** Recorded data follows **

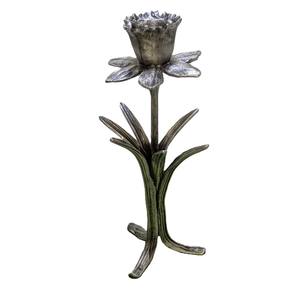 Daffodil <b>Taper</b> <b>Candle</b> <b>Holder</b> Home Decor Inspired by Nature - Product Image 2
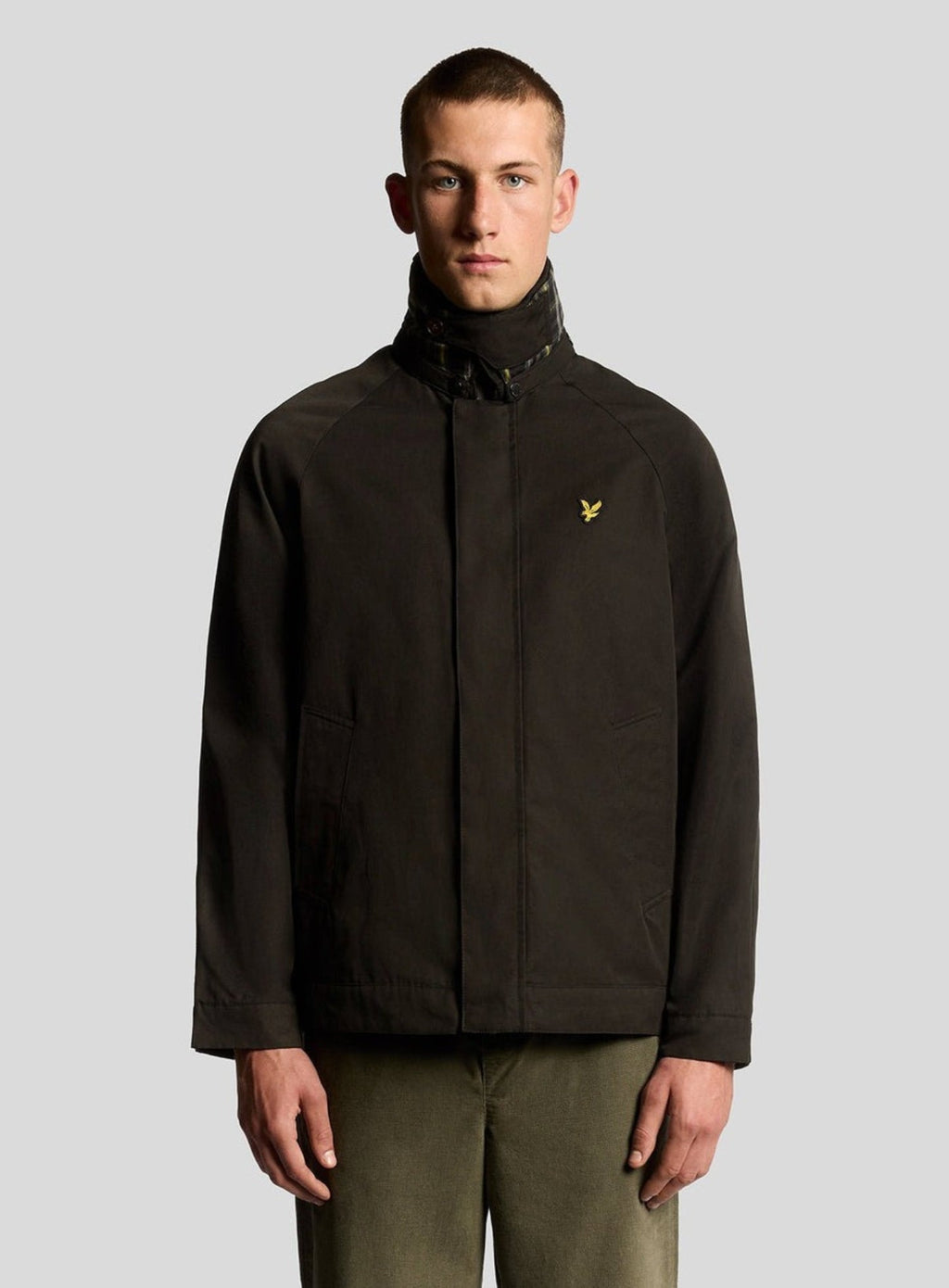 LYLE & SCOTT Tartan Lined Hunting Jacket Jet Black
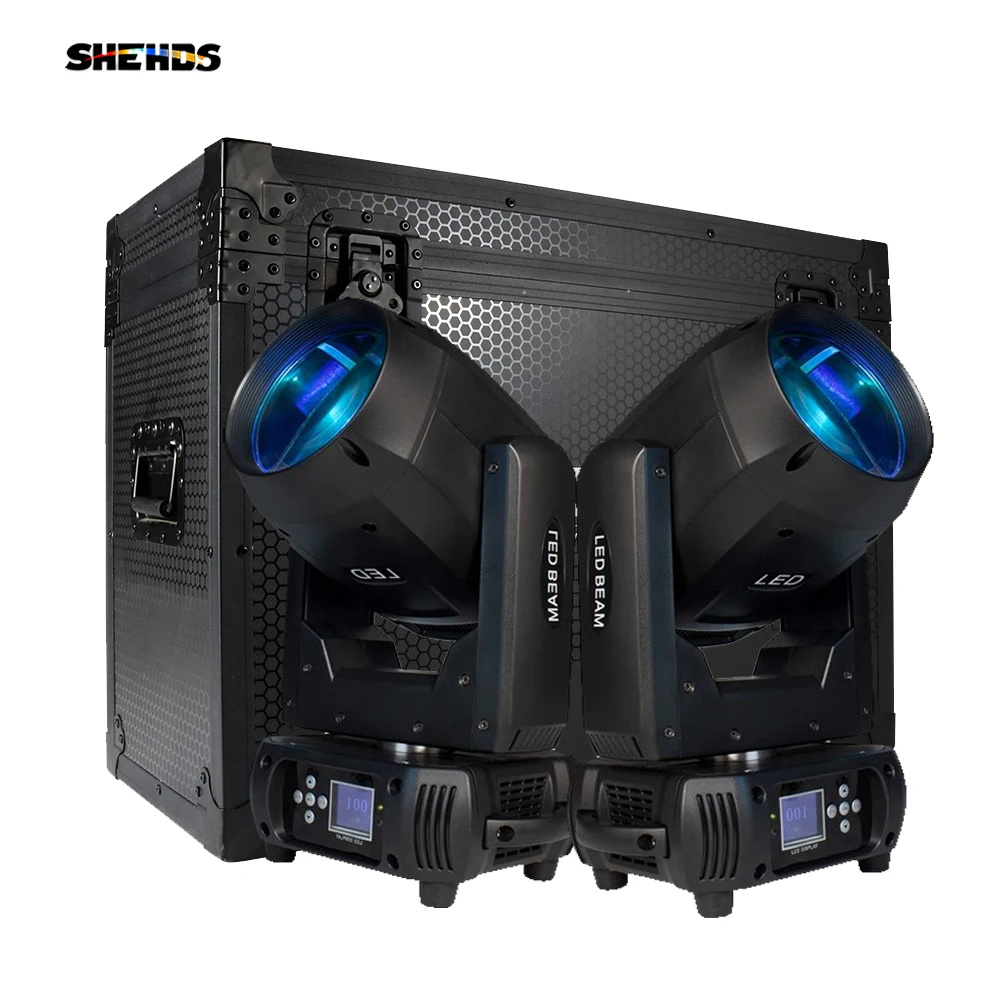 SHEHDS Nowa wiązka LED 150W Oświetlenie z ruchomą głowicą Kontrola kolorowego oświetlenia DMX Sprzęt sceniczny Disco Ball DJ Concert Wysoka jakość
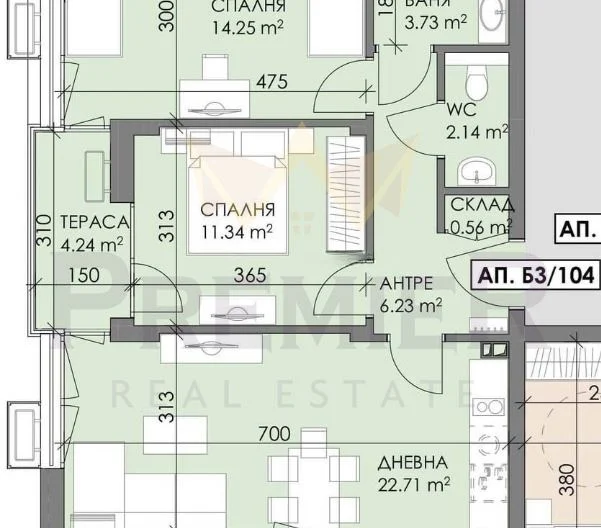 Агенция за недвижими имоти - Имоти Премиер - имот - 1095487, Цена: 103000 EUR
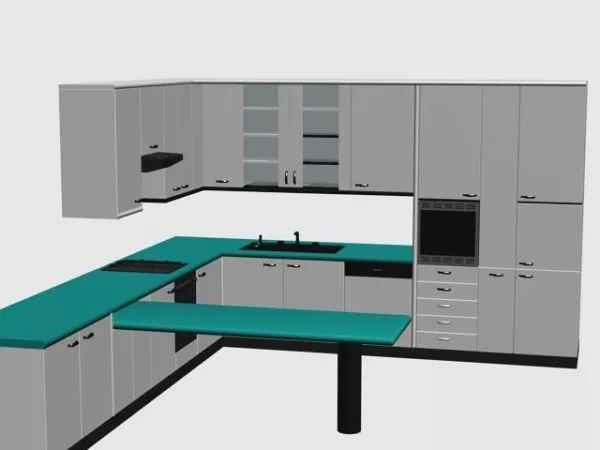 Commercial Kitchen Stove 3d model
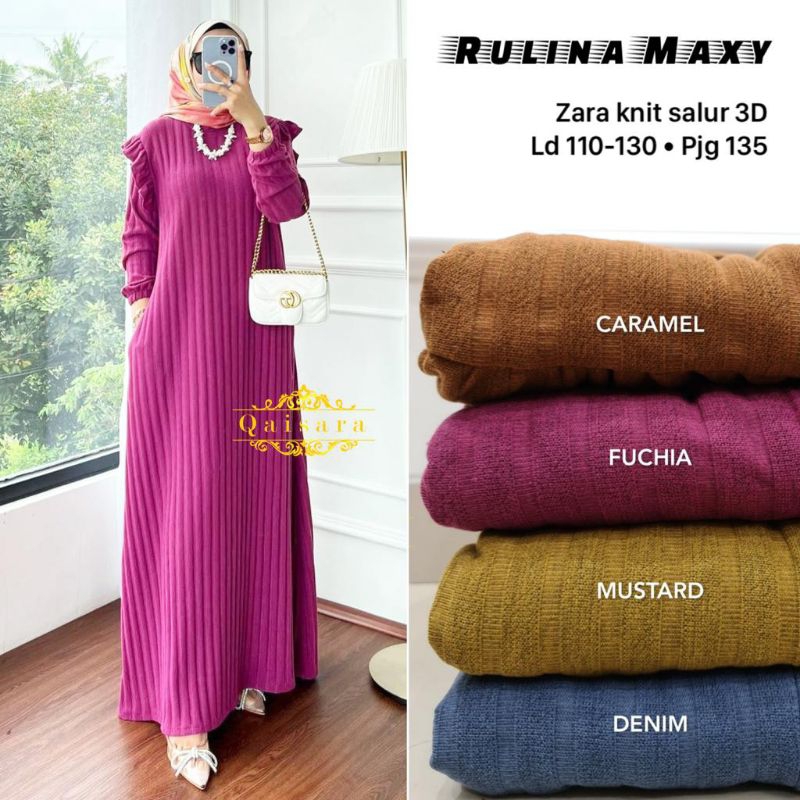 RULINA MAXY / GAMIS KAOS KNIT / GAMIS FREE BELT / QAISARA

** End of Recorded data **

→ **Work to be completed**:
Return all of the records above exactly as written. Omit each picture.

→ **Task solution**:
 Daffodil <b>Taper</b> <b>Candle</b> <b>Holder</b> Home Decor Inspired by Nature - Product Image 2
 LYLE & SCOTT Tartan Lined Hunting Jacket Jet Black
 SHEHDS Nowa wiązka LED 150W Oświetlenie z ruchomą głowicą Kontrola kolorowego oświetlenia DMX Sprzęt sceniczny Disco Ball DJ Concert Wysoka jakość
 Агенция за недвижими имоти - Имоти Премиер - имот - 1095487, Цена: 103000 EUR
 Commercial Kitchen Stove 3d model
 RULINA MAXY / GAMIS KAOS KNIT / GAMIS FREE BELT / QAISARA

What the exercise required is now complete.